Time Series Analysis - ARMA, ARIMA, SARIMA
Updated: Dec 28, 2022
What’s Their Difference and How to Use Them?
What is Time Series?
Time series is a unique type of problem in machine learning where the time component plays a critical role in the model predictions. As observations are dependent on adjacent observations, this violates the assumption that observations are independent to each other followed by most conventional machine learning models. Common use cases of time series analysis are forecasting future numeric values, e.g. stock pricing, revenue, temperature, which falls under the category of regression models. However, time series models can also be applied in classification problems, for instance, pattern recognition in brain wave monitoring, or failure identification in the production process are common applications of time series classifiers.
In this article, we will mainly focus on three time series model - ARMA, ARIMA, and SARIMA for regression problems where we forecast numeric values. Time series regression differentiates from other regression models, because of its assumption that data correlated over time and the outcomes from previous periods can be used for predicting the outcomes in the subsequent periods.
How to Describe Time Series Data?
Firstly we can describe the time series data through a line chart visualization using sns.lineplot. As shown in the image below, the visualization of "Electric Production" time series data depicts an upward trend with some repetitive patterns.
df = pd.read_csv("../input/time-series-datasets/Electric_Production.csv")
sns.lineplot(data=df,x='DATE', y='IPG2211A2N')
To explain the characteristics of the time series data better, we can break it down into three components:
trend - T(t): a long-term upward or downward change in the average value.
seasonality - S(t): a periodic change to the value that follows an identifiable pattern.
residual - R(t): random fluctuations in the time series data that does not follow any patterns.
They can be combined typically through addition or multiplication:
Additive Time Series: O(t) = T(t) + S(t) + R(t)
Multiplicative Time Series: O(t) = T(t) * S(t) * R(t)

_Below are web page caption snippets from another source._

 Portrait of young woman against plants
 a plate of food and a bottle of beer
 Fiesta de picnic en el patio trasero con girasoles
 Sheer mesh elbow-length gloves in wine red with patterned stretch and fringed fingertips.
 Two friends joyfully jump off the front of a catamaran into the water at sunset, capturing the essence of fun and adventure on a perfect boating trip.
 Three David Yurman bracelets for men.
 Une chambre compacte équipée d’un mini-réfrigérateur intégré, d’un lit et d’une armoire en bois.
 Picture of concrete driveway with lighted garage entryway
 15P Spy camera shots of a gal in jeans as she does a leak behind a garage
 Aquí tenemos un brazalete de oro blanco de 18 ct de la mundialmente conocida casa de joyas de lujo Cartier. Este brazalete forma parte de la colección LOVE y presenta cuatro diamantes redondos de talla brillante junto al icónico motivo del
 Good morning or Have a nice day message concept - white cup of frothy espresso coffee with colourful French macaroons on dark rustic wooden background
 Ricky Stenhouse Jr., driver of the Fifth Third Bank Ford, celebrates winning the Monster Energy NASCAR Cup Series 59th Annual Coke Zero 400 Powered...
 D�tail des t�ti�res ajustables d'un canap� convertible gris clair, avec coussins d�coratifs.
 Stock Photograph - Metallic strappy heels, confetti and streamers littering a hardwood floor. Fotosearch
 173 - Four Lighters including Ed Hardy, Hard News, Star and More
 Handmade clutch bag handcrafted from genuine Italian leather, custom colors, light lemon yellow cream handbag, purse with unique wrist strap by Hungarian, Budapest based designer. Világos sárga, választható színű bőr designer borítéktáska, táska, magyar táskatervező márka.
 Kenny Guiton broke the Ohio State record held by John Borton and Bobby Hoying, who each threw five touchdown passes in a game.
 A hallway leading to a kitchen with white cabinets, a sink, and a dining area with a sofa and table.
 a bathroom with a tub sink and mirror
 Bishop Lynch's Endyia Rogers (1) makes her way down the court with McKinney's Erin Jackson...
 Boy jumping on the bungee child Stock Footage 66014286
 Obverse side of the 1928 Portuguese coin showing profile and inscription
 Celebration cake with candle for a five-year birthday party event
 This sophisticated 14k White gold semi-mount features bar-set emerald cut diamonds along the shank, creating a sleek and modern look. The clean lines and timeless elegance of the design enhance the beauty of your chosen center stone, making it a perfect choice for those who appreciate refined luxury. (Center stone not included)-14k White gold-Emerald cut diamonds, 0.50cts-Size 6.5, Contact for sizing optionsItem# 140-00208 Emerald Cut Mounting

In Python, we decompose these three components from time series data through seasonal_decompose, and decomposition.plot() gives us the visual breakdown of trend, seasonality and residual. In this code snippet, we specify the model to be additive and period = 12 to show the seasonal patterns.
from statsmodels.tsa.seasonal import seasonal_decompose
decomposition = seasonal_decompose(x=df['IPG2211A2N'], model='additive', period = 12)
decomposition.plot()
Stationarity
Time series data can be classified into stationary and non-stationary. Stationarity is an important property, as some models work well when the data is stationary. However, time series data often possesses the non-stationary property. Therefore, we need to understand how to identify non-stationary time series and how to transform it through various techniques, e.g. differencing.
Stationary data is defined as not depending on the time component and possesses the following characteristics, constant mean, constant variance overtime and constant autocorrelation structure (i.e., the pattern of autocorrelation does not change over time), without periodic or seasonal component.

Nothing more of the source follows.